Orang-orang Tumi menganut kepercayaan nenek moyang (animisme). Seiring penyebaran agama Hindu ke Lampung, orang-orang Tumi beralih keyakinan. Pada masa Hindu, dibentuk kelompok adat pemimpin bernama Sai Batin. Mereka berhasil menciptakan aksara Lampung pada awal abad ke-9.

Orang-orang Tumi mempertahankan kedudukannya hingga abad ke-14. Namun, kedatangan orang-orang Pagaruyung ke Lampung mengubah situasi. Orang-orang ini ingin memperluas wilayahnya dengan menaklukan orang-orang Tumi yang kala itu dipimpin oleh perempuan. Serangan Pagaruyung membuat orang Tumi melarikan diri ke pesisir.

Era Kerajaan Hindu Sekala Bekhak berakhir, berganti era baru Sekala Bekhak yang mulai memeluk Islam. Masa ini Sekala Bekhak dibagi dalam empat wilayah. Masing-masing wilayah dipimpin oleh seorang Umpu (putra raja Pagaruyung). Sekala Bekhak kemudian berganti nama.
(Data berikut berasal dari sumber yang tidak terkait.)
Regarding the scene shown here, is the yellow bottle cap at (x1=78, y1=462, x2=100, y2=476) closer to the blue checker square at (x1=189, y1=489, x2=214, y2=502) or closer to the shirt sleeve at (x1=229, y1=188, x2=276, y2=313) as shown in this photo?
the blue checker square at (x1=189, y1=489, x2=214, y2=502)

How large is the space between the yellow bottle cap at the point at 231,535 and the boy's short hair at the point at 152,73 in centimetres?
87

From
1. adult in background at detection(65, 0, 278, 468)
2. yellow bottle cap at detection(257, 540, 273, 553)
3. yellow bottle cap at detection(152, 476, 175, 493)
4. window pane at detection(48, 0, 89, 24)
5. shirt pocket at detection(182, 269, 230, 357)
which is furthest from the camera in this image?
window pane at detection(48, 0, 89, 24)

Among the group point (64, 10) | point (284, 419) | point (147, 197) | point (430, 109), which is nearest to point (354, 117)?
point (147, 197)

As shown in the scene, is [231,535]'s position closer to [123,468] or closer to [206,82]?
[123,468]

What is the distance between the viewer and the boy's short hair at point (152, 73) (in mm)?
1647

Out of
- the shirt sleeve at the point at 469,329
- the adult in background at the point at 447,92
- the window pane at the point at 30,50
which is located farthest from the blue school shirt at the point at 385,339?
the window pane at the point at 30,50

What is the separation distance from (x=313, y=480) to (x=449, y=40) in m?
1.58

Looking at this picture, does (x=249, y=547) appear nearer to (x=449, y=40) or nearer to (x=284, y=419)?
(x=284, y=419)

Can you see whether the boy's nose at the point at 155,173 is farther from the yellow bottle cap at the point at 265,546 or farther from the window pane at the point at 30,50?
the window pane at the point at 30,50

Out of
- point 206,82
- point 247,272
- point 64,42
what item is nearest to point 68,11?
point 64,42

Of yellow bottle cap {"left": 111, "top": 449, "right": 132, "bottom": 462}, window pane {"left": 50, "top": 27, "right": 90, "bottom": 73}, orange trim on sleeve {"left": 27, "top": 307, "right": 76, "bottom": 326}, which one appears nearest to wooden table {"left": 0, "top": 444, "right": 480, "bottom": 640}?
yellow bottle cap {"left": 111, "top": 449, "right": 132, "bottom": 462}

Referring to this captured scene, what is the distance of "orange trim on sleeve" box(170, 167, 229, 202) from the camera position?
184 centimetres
"Maka Sekala Brak kemudian diperintah oleh keempat Umpu dengan menggunakan nama PAKSI PAK Sekala Brak. Inilah cikal bakal Kepaksian Sekala Brak yang merupakan puyang bangsa Lampung," tulis Oktaviyanti Subung dkk dalam "Tinjauan Historis Sekala Bekhak Sebagai Muasa Keberadaan Keratuan Adat Lampung", termuat di Jurnal PESAGI Vol 1, No 2, Tahun 2013.

Pada masa Islam, Sekala Bekhak menghasilkan tradisi sastra yang disebut Tambo. Selain itu, Sekala Bekhak juga menjadi tempat akulturasi kebudayaan lama dan baru sehingga memperkaya kebudayaan Lampung.

Baca juga:

Masjid Cikoneng Akulturasi Budaya Lampung masa Kesultanan Banten

sejarah sekala bekhak
Sejak 2021, festival ini menjadi agenda tetap Kharisma Event Nusantara Kemenparekraf. (Kemenparekraf/Indonesia.Travel)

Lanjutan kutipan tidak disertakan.